Functions: Huge call overhead. Not usable for library functions, so internally perl uses ops for most library calls! No method call optimizations besides MIC (monomorphic inline caching). No inlining, the most important language implementation feature. No macros, unevaluated arguments. No signatures, well they are in but a joke. No types, but this is tricky I admit. No multi dispatch, leading to poor OO. My function calls were 200x faster in p2, using a proper calling convention.

Classes: Don’t exist. Various variants exist, but none of them is good enough for any self-respecting language. Just look at what PHP did there recently. Proper design and proper implementation.

But the biggest problem: The not existing management. Management is done via marketing only, but not by helping the devs, helping the project and helping the users. We really need a technical lead, not a community lead. Why do we need a community pumpkin who finds out that someone finally implemented bind my $a := $b;, but with the interesting name refaliasing and the syntax \my $a = $b; and could do nothing about it. Marketing jumped on and declared it as “It’s cleaner, safer, and faster.” schmorp called them clowns. He is right.

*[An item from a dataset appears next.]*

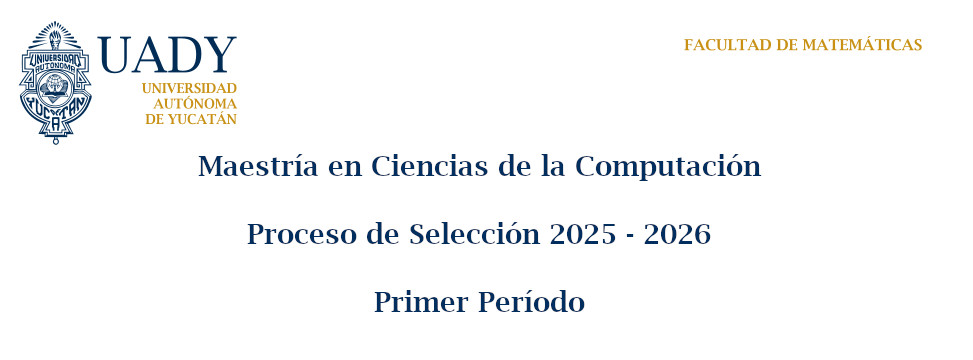 Maestría en Ciencias de la Computación: Proceso de Selección 2025 - 2026, Primer Período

And the destructive elements are on its rise. Indirect method calls are currently in danger with 5.24. They cannot explain to the poor user that the parser is dynamic, that perl is a dynamic language. After decades of defending dynamicsm over gradual typing they suddenly announce to favor static dispatch only. It makes sense in a business environment, yes, but not for normal perl script usage.

my $file = new File $path, $data
save $file;

See http://perl5.git.perl.org/perl.git/blob/HEAD:/pod/perlobj.pod#l685: “Outside of the file handle case, use of this syntax is discouraged as it can confuse the Perl interpreter” (clearly only p5p is confused about that) vs my variant: “Indirect Object Syntax resolves the syntax dynamically.”

Parrot had a very similar history to perl5. When the competent authors left after heavy infighting the inmates took over the asylum and ran it into the ground.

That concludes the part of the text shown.